### What to produce
Reproduce all of the data below without alteration; exclude every picture.

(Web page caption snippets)
——

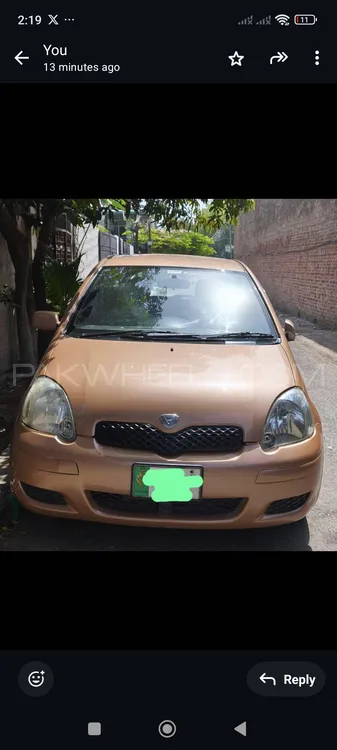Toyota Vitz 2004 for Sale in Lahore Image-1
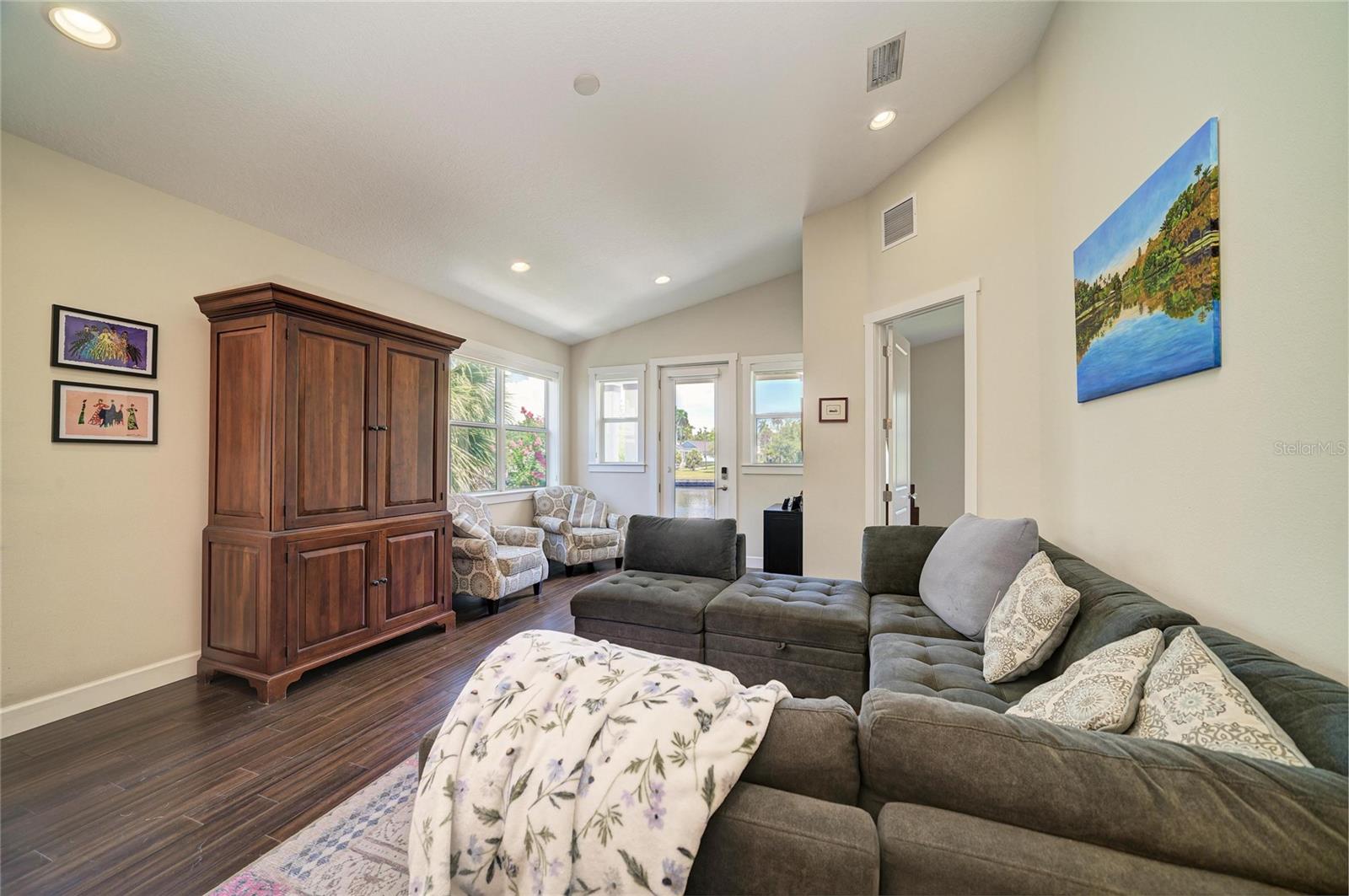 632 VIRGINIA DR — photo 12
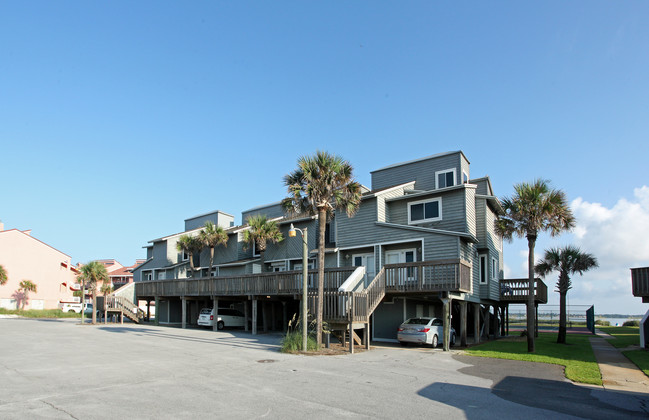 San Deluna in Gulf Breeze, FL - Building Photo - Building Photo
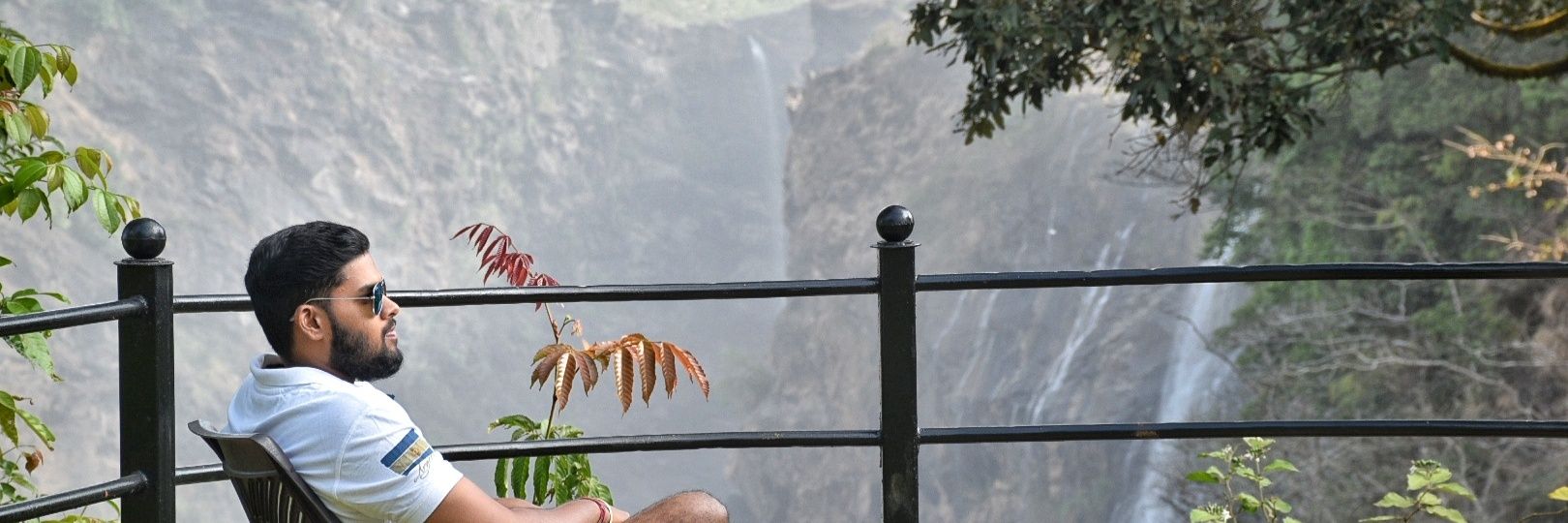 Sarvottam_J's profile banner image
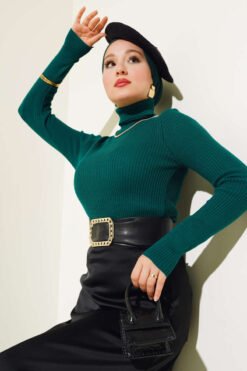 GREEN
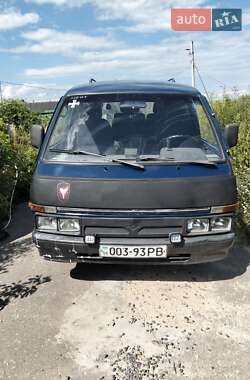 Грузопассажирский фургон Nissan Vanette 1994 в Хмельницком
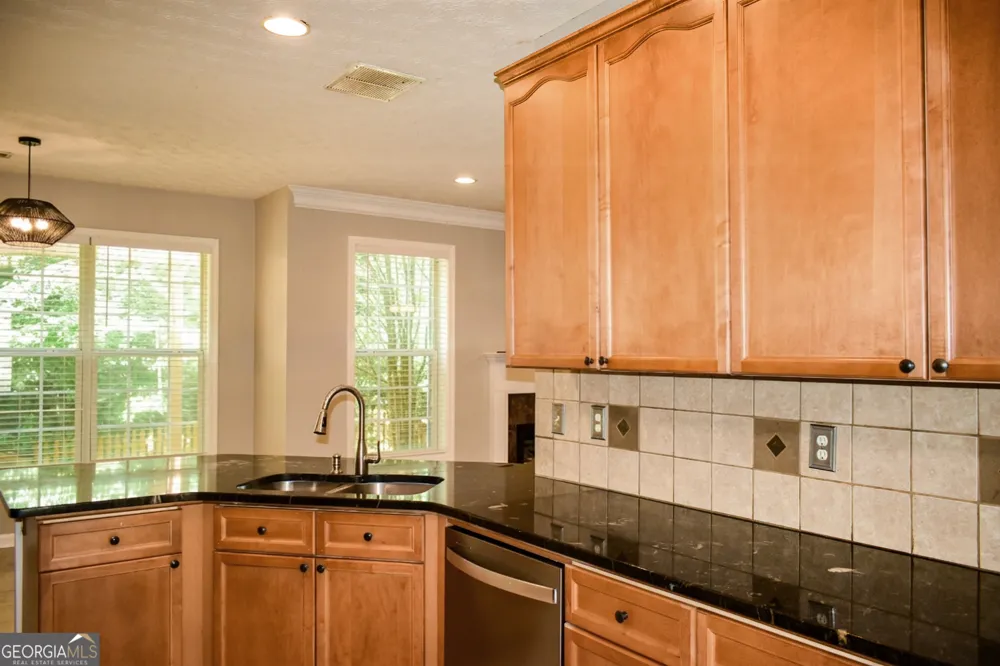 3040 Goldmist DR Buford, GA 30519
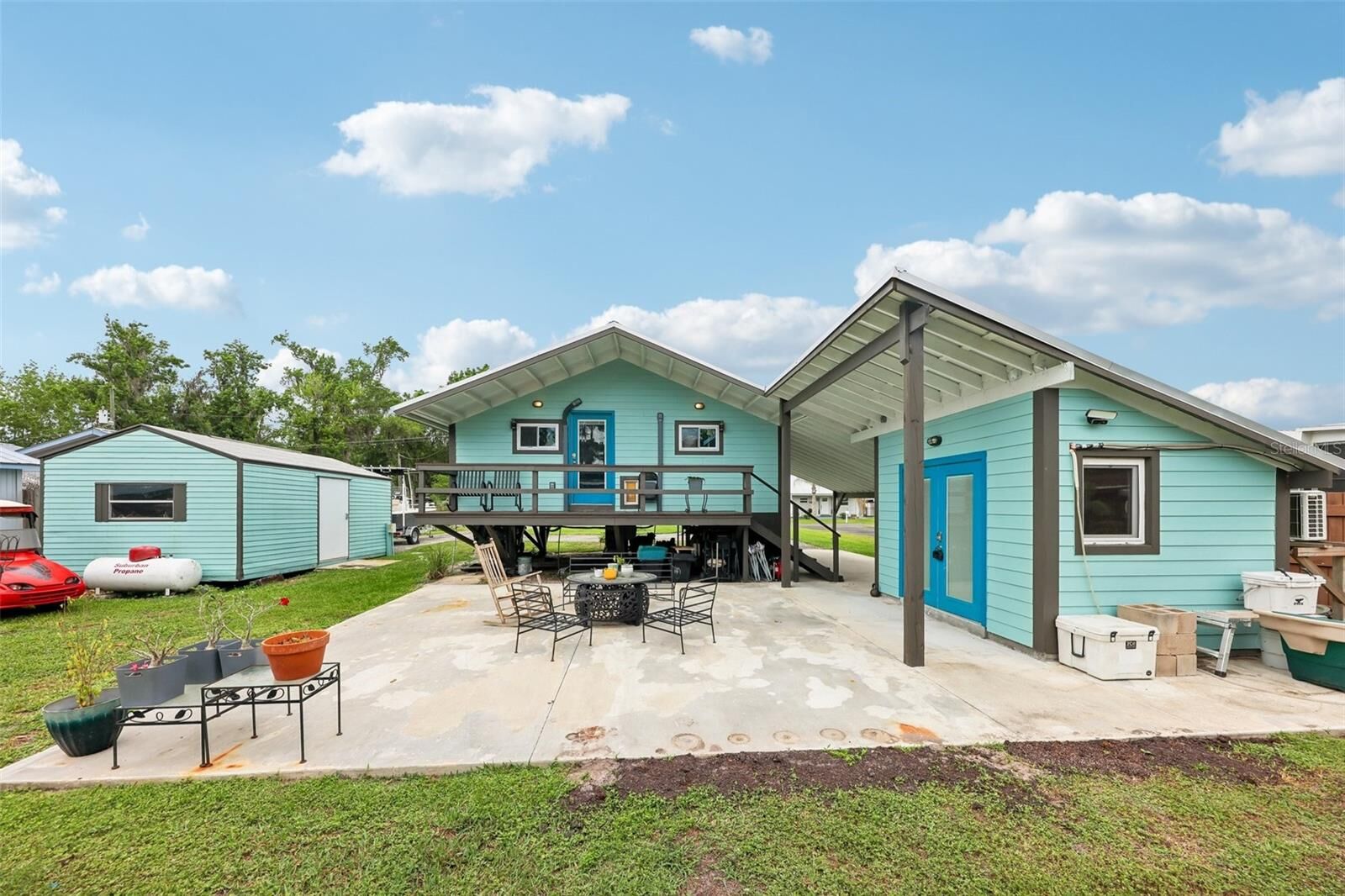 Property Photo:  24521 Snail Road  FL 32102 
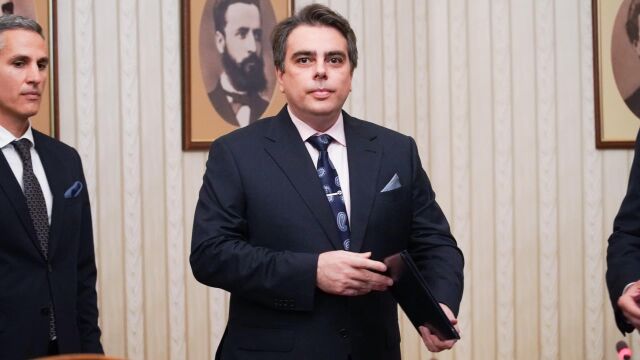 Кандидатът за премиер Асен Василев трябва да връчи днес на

——

### Response area
Toyota Vitz 2004 for Sale in Lahore Image-1
 632 VIRGINIA DR — photo 12
 San Deluna in Gulf Breeze, FL - Building Photo - Building Photo
 Sarvottam_J's profile banner image
 GREEN
 Грузопассажирский фургон Nissan Vanette 1994 в Хмельницком
 3040 Goldmist DR Buford, GA 30519
 Property Photo:  24521 Snail Road  FL 32102 
 Кандидатът за премиер Асен Василев трябва да връчи днес на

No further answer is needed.